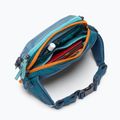 Сумка-бананка Cotopaxi Allpa X Hip Pack 1,5 л blue spruce/abyss 6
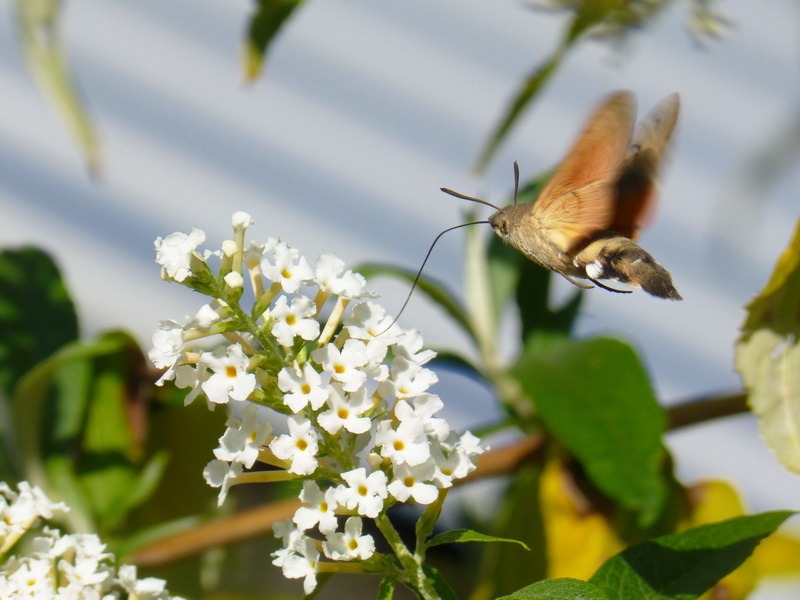 Taubenschwänzchen, Schmetterling, Kolibri, Garten, Insekten,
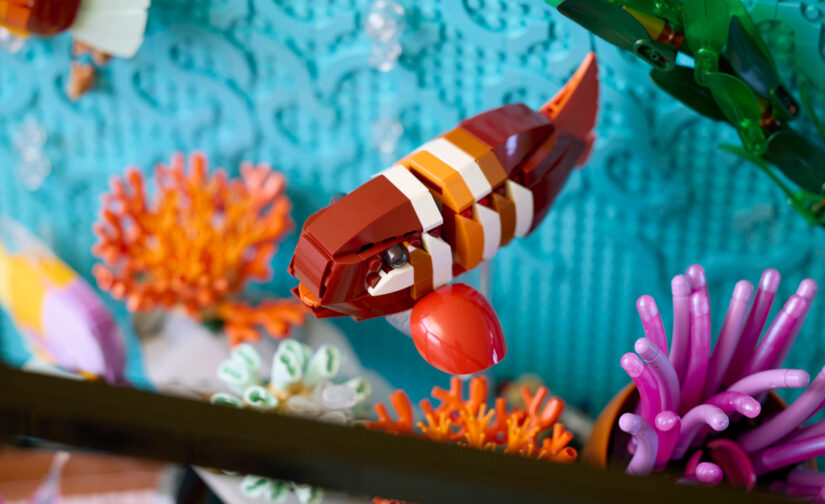 Tropikalne akwarium - 8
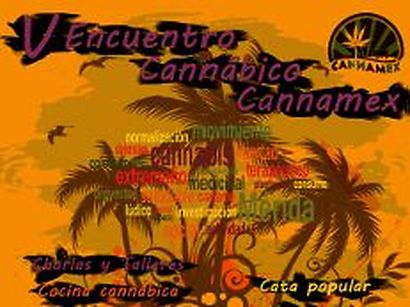2e prix intérieur bio avec Juanita la Lagrimosa by Reggae Seeds, V cannabis réunion Cannamex, Merida 2015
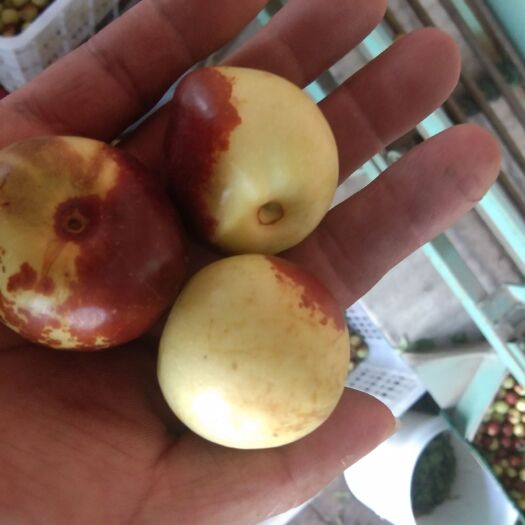 天津 娘娘河滩大冬枣全国有名有百年老树曾经的贡品原先可是皇上吃的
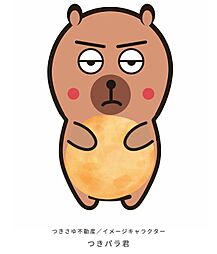 つきさゆ不動産株式会社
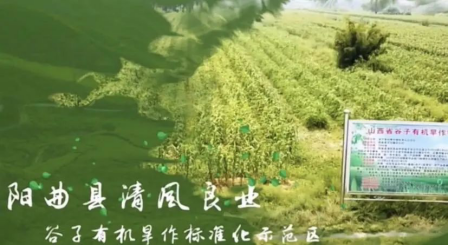 太原阳曲：培育“新农人” 唱响“新农歌”
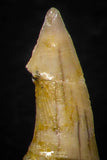 05617 - Great Collection of 3 Onchopristis numidus Cretaceous Sawfish Rostral Teeth Cretaceous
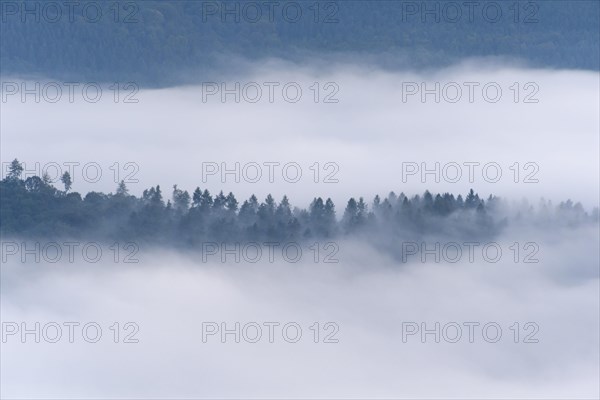 View from Katzenbuckel mountain with morning mist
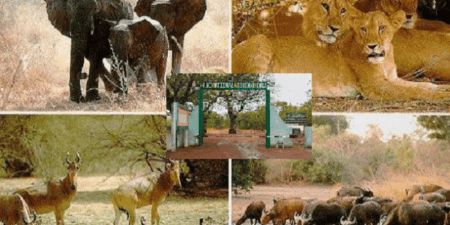 Victoire diplomatique et culturelle : le Niokolo-Koba retiré de la liste du Patrimoine mondial en péril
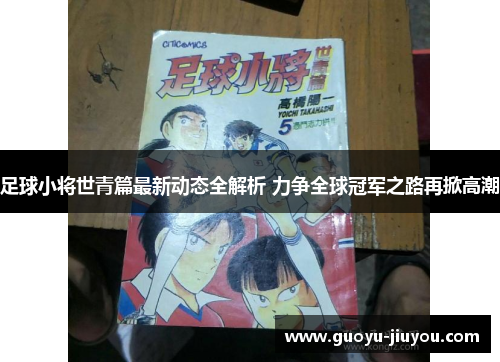 足球小将世青篇最新动态全解析 力争全球冠军之路再掀高潮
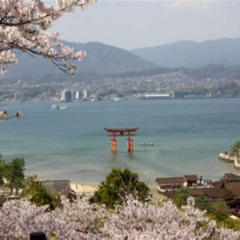 Review Special Price 1 Day Hiroshima And Miyajima Bus Tour From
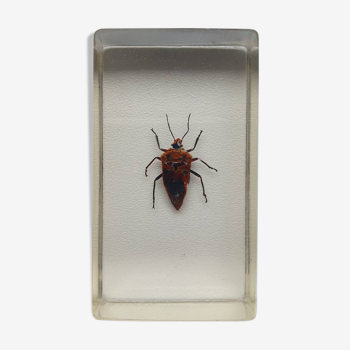 Resin inclusion insect - ASIAN CANTAO OCCELATUS BUGS Curiosity - No. 12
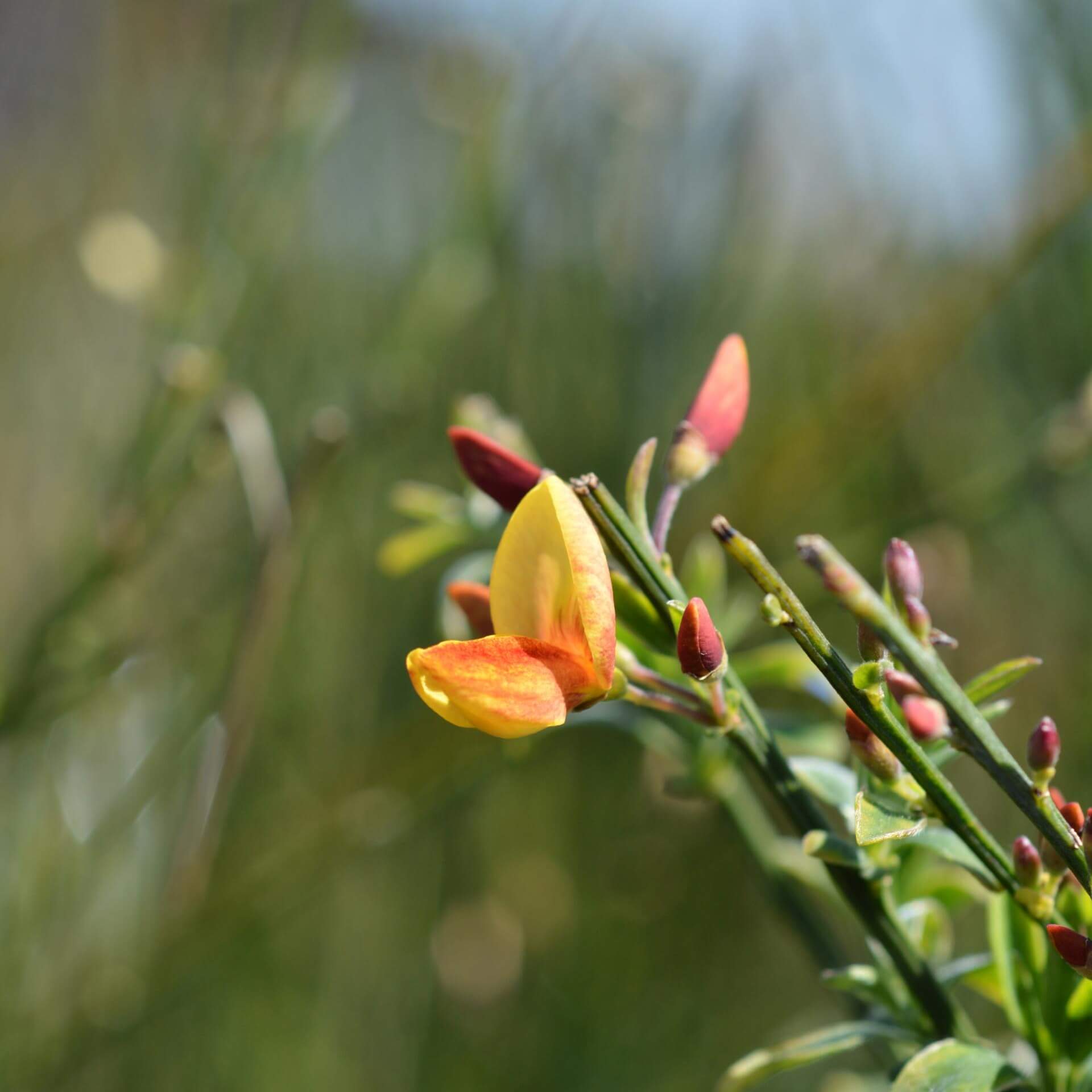 Edelginster 'Apricot Gem' (Cytisus scoparius 'Apricot gem')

__________

Set down each line of the material exactly and skip every image.

 Сумка-бананка Cotopaxi Allpa X Hip Pack 1,5 л blue spruce/abyss 6
 Taubenschwänzchen, Schmetterling, Kolibri, Garten, Insekten,
 Tropikalne akwarium - 8
2e prix intérieur bio avec Juanita la Lagrimosa by Reggae Seeds, V cannabis réunion Cannamex, Merida 2015
 天津 娘娘河滩大冬枣全国有名有百年老树曾经的贡品原先可是皇上吃的
 つきさゆ不動産株式会社
 太原阳曲：培育“新农人” 唱响“新农歌”
 05617 - Great Collection of 3 Onchopristis numidus Cretaceous Sawfish Rostral Teeth Cretaceous
 View from Katzenbuckel mountain with morning mist
 Victoire diplomatique et culturelle : le Niokolo-Koba retiré de la liste du Patrimoine mondial en péril
 足球小将世青篇最新动态全解析 力争全球冠军之路再掀高潮
 Review Special Price 1 Day Hiroshima And Miyajima Bus Tour From
 Resin inclusion insect - ASIAN CANTAO OCCELATUS BUGS Curiosity - No. 12
 Edelginster 'Apricot Gem' (Cytisus scoparius 'Apricot gem')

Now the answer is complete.